◆ Data excerpts
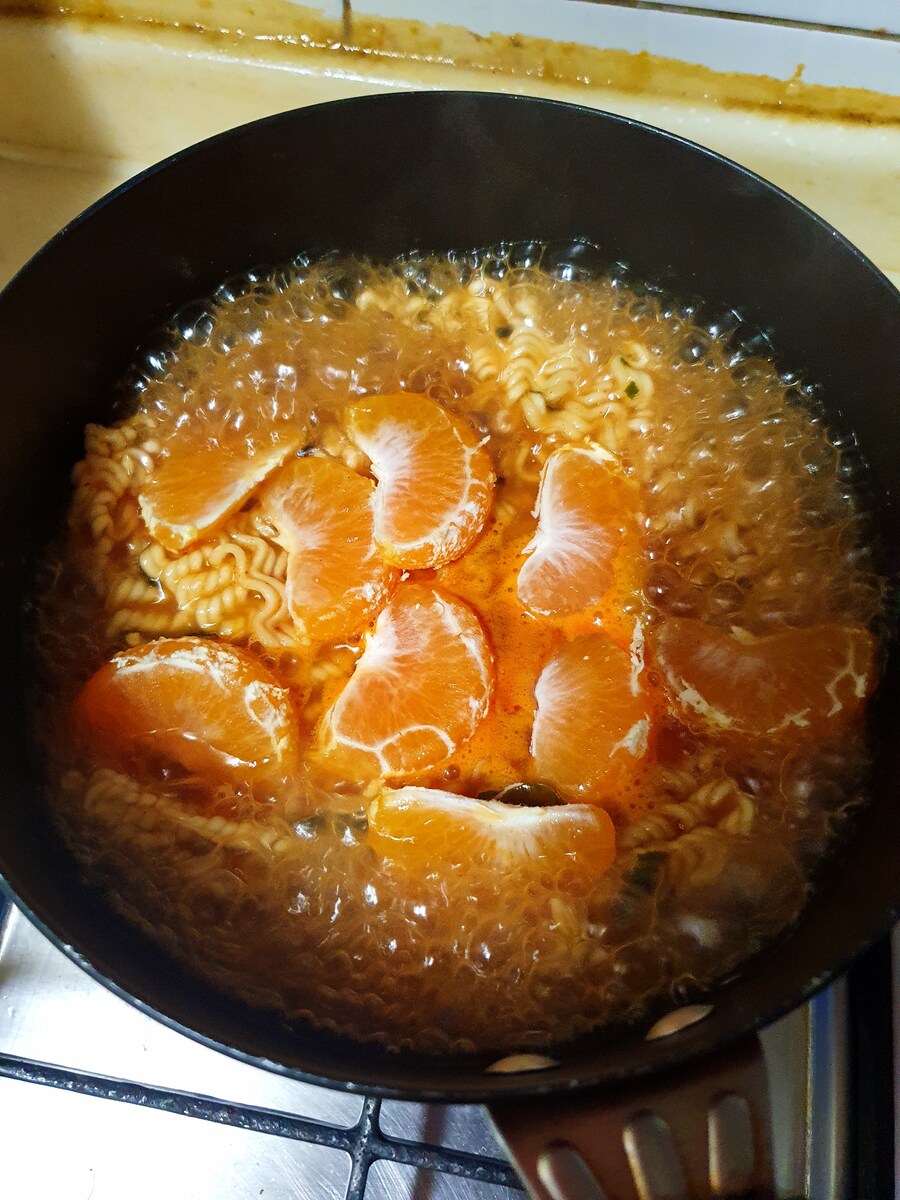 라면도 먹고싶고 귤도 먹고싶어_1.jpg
==
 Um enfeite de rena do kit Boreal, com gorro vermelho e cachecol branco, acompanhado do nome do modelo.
---
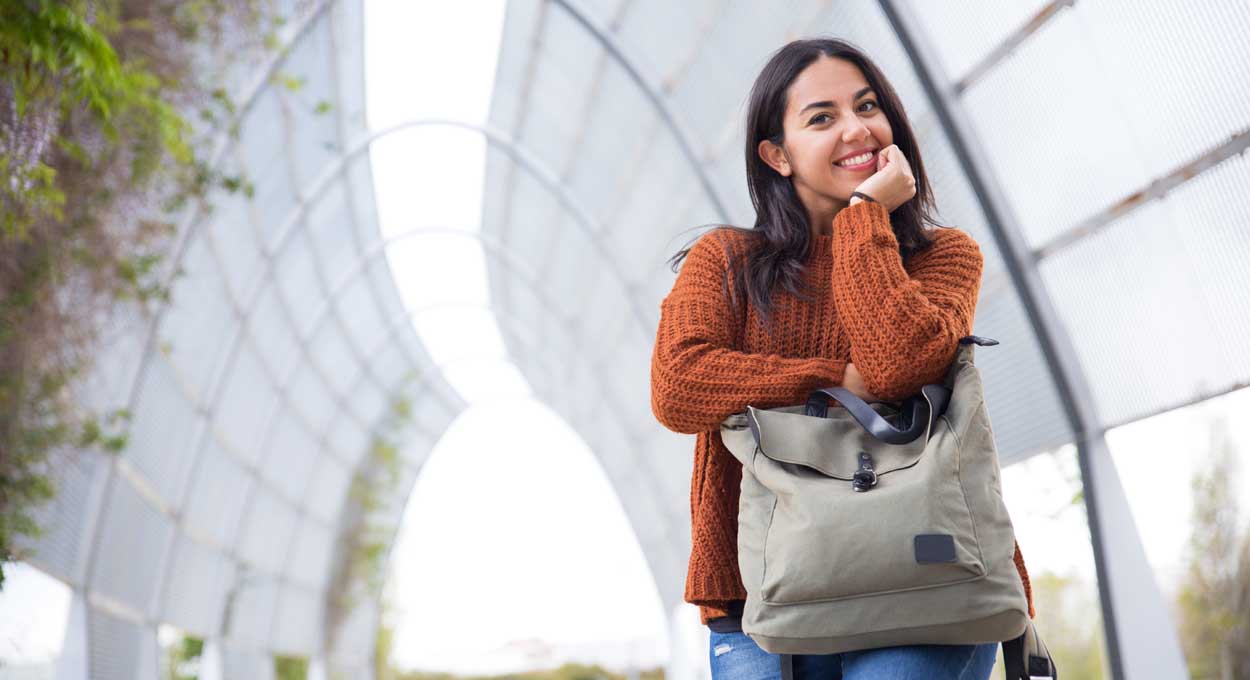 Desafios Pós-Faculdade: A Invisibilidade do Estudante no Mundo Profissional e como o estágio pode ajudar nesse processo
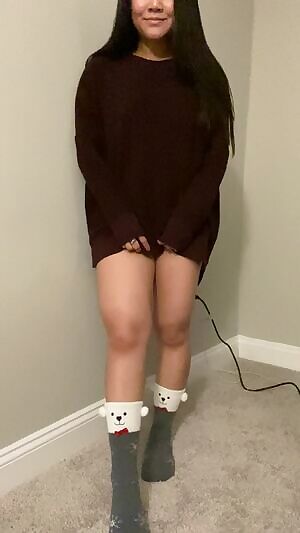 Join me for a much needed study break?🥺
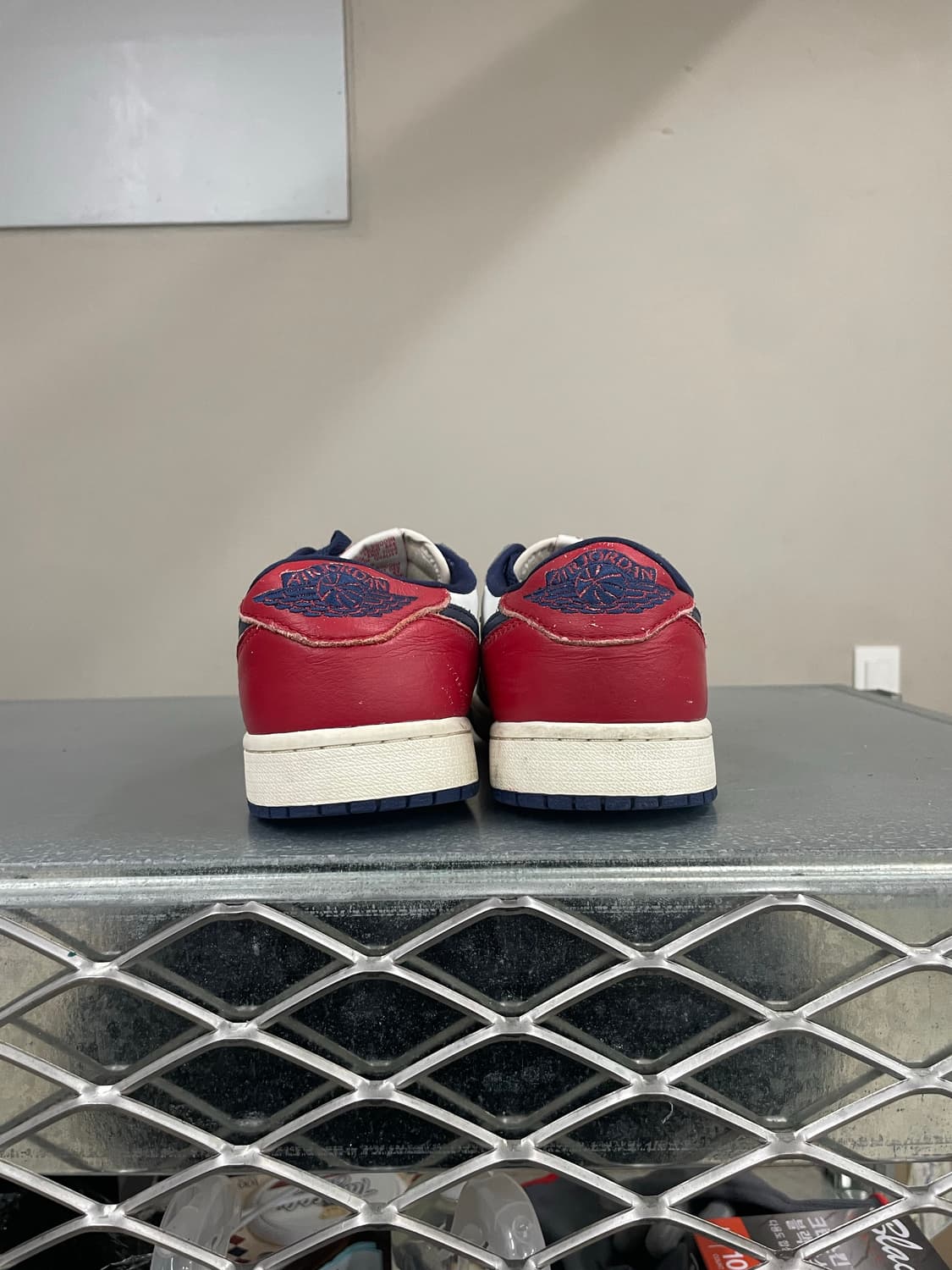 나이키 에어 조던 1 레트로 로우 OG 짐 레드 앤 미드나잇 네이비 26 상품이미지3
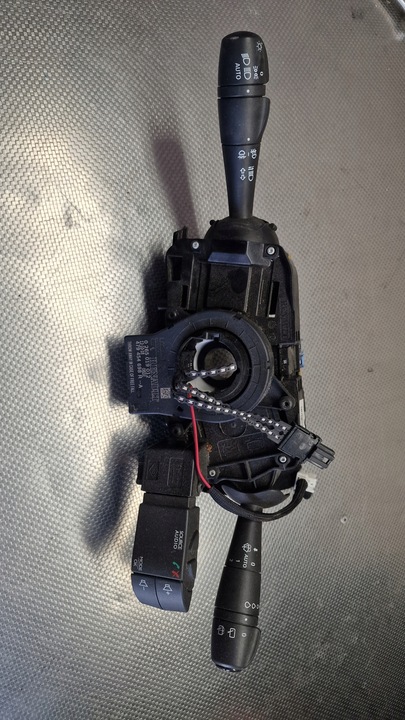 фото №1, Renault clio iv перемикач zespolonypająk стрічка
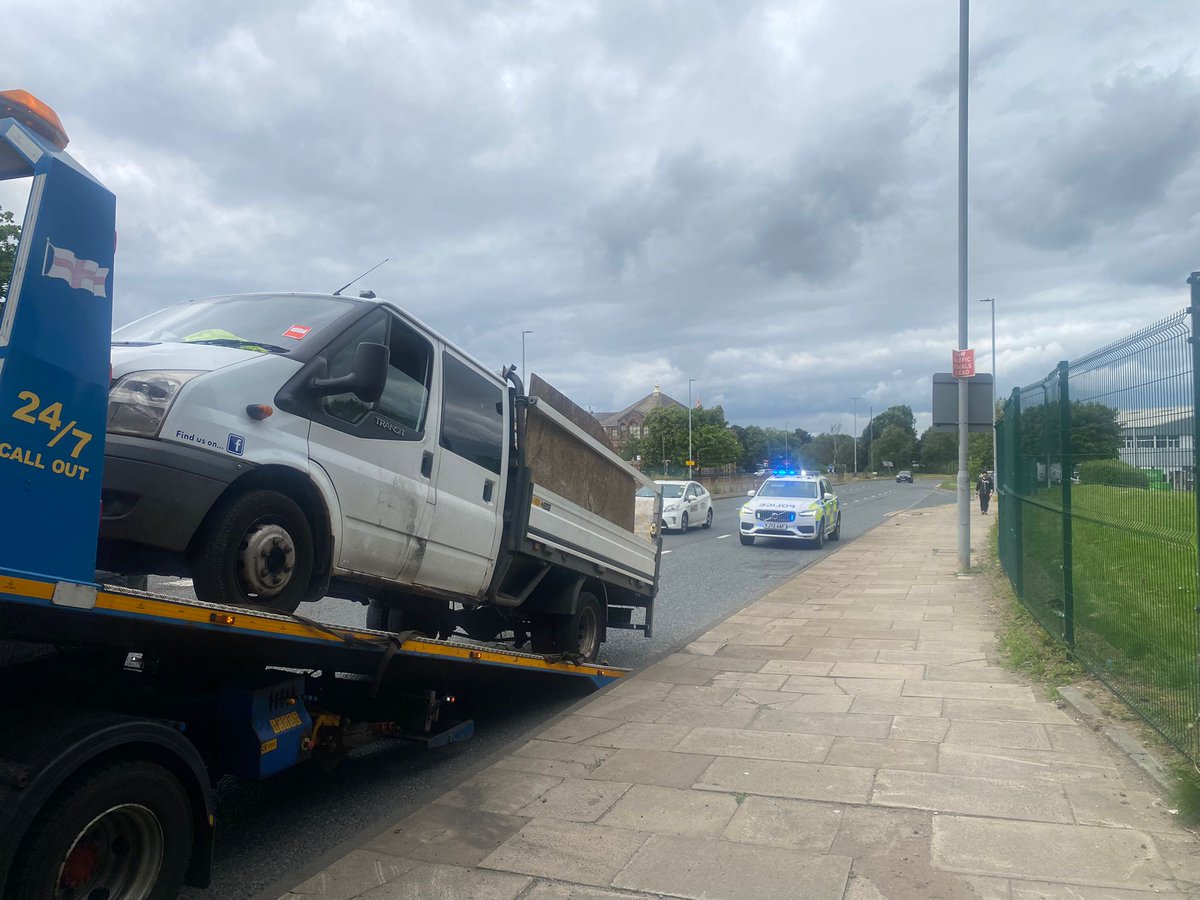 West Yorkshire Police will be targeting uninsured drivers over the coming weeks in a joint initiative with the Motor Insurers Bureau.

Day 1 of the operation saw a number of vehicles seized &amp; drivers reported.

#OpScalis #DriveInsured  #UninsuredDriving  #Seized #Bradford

◆ What to do
The result should be an exact copy of only the lines above from the one that holds "Join me for a much needed study break?🥺" through the one that holds "Day 1 of the", both ends included, without pictures.

◆ Answer to this exercise
 Join me for a much needed study break?🥺
 나이키 에어 조던 1 레트로 로우 OG 짐 레드 앤 미드나잇 네이비 26 상품이미지3
 фото №1, Renault clio iv перемикач zespolonypająk стрічка
 West Yorkshire Police will be targeting uninsured drivers over the coming weeks in a joint initiative with the Motor Insurers Bureau.

Day 1 of the operation saw a number of vehicles seized &amp; drivers reported.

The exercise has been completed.